ANAHEIM -- The Buffalo Sabres finally ended their scoreless streak, but it wasn't enough against Frederik Andersen, Corey Perry and the rest of the Anaheim Ducks.
Andersen made 22 saves to match his career-high sixth straight win and Perry had a hat trick in Anaheim's 4-1 win Wednesday against Buffalo at Honda Center.
Perry ripped a slap shot past Buffalo goalie Michal Neuvirth at 17:17 of the third after captain Ryan Getzlaf outworked a defender to the puck to set it up. Perry completed his second hat trick this season on an empty-net goal at 18:55.
The slap shot came from far out, an unorthodox spot for Perry.
"I don't score too often from out there," Perry said with a laugh. "It just found a nice bounce off the wall, but I found a nice screen in front. Kind of a seeing-eye shot."
Perry became the fastest player in Anaheim history to eight goals, in seven games.

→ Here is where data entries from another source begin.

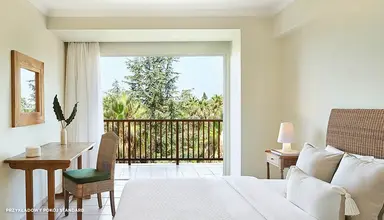 Grecotel Filoxenia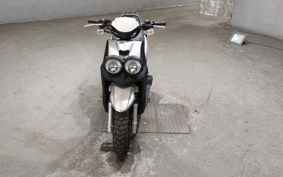 YAMAHA BWS50 SA44J
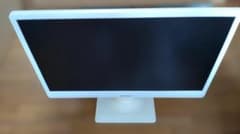 EPSON ディスプレイ 本体のサムネイル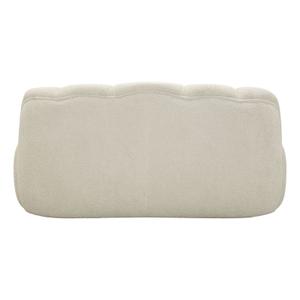 2-seater sofa Mauro Ferretti Ball image-3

The superlatives continue to roll in for Andersen, who became the first goaltender in NHL history to win 26 of his first 31 decisions. Andersen was 5:06 away from his second straight shutout when Tyler Ennis pushed a rebound by him to make it 2-1. Andersen had gone 152:06 without allowing a goal, and Perry said the past two games are indicative of a Ducks makeup that is taking shape. Anaheim is 6-1-0.
"I think guys are starting to fit into their role and starting to know where they fit and how they're going to play, where they're going to play," Perry said. "It's all a feeling-out process at the start of the season. The team that can come together the quickest is going to get off to the best start, and that's what we're trying to do."

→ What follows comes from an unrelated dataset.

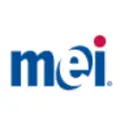MEI logo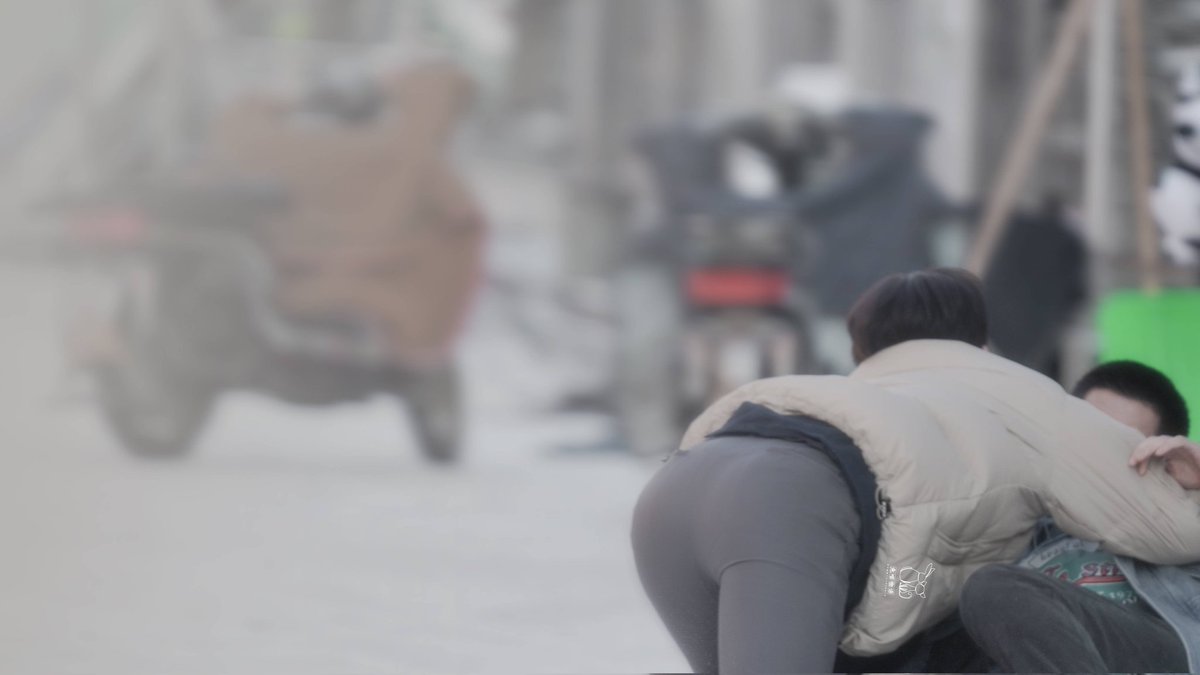 renn_wangy's tweet photo. the 1st 🍑 of FanChengCheng looks so tasty. hhhhh

ctto
#范丞丞 #王安宇 #FanChengCheng #WangAnyu  #yzcs #YuCheng #YuZiChengShuo #宇子丞说 #左肩有你 #ChasingTheLight https://t.co/RD27KGsisH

Ennis' goal allowed Buffalo to avoid being shutout for the third straight game for the first time in team history. The Sabres' scoreless streak lasted 198 minutes, dating to a goal by Marcus Foligno in the third period of a shootout win against the Carolina Hurricanes on Oct.14.
Ennis found little relief in ending the drought but it was a much better showing than the 5-1 loss to Anaheim on Oct.13.

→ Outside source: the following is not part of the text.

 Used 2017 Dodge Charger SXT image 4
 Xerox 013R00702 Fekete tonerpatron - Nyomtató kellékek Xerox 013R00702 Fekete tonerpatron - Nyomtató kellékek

"We came out hard," Ennis said. "We matched them physically. We were hitting. That's a big strong team. We didn't back down. We played hard. We were [down] 2-1 with three minutes to go on the road against that team. I think there's a lot of positives to take out of it. It was a lot better game than the last one."
Andersen again had to be good early for Anaheim. He made a right skate save on Matt Moulson in the crease in the first period and a left skate save on Zemgus Girgensons early in the second. Andersen also skirted danger when Chris Stewart missed on a backhand and two follow-ups midway through the third.
"He was the one that kept us in," Anaheim coach Bruce Boudreau said. "If Buffalo hadn't gone so long without scoring and squeezing the stick, they probably would have scored a few more goals because they definitely outplayed us. They deserved a better fate."
Ryan Kesler made it 2-0 at 9:20 of the second period with a wrist shot from the top of the circles that went through traffic and found the right side of the net. Perry finished a great tip pass from Getzlaf when he broke down the right side and snapped a shot that beat Neuvirth on the far blocker side at 8:50 of the first.
The opening period was also highlighted by a sustained two-minute-plus shift by Anaheim in Buffalo's zone in which the Ducks changed lines while Sabres defensemen Tyler Myers and Josh Gorges were stuck on the ice.
That was the rub for Buffalo, which needed to play a strong possession game to spark its offense but had a tough time against Kesler, among others. The Ducks won 36 of 57 faceoffs, including 12-of-18 by Kesler.
The Sabres were 0-for-2 on the power play to fall to 0-for-24, the longest slump to begin a season since the New York Rangers went 0-for-32 to start the 2003-04 season.
Buffalo will have to take optimism from the game into Thursday against the defending Stanley Cup champion Los Angeles Kings.
"At least we attacked the net a little bit here tonight," Buffalo coach Ted Nolan said. "We shot the puck. We had a lot of great opportunities and saw the net on a lot of them. When things are going bad, usually luck doesn't follow you. When you turn it around, usually it does."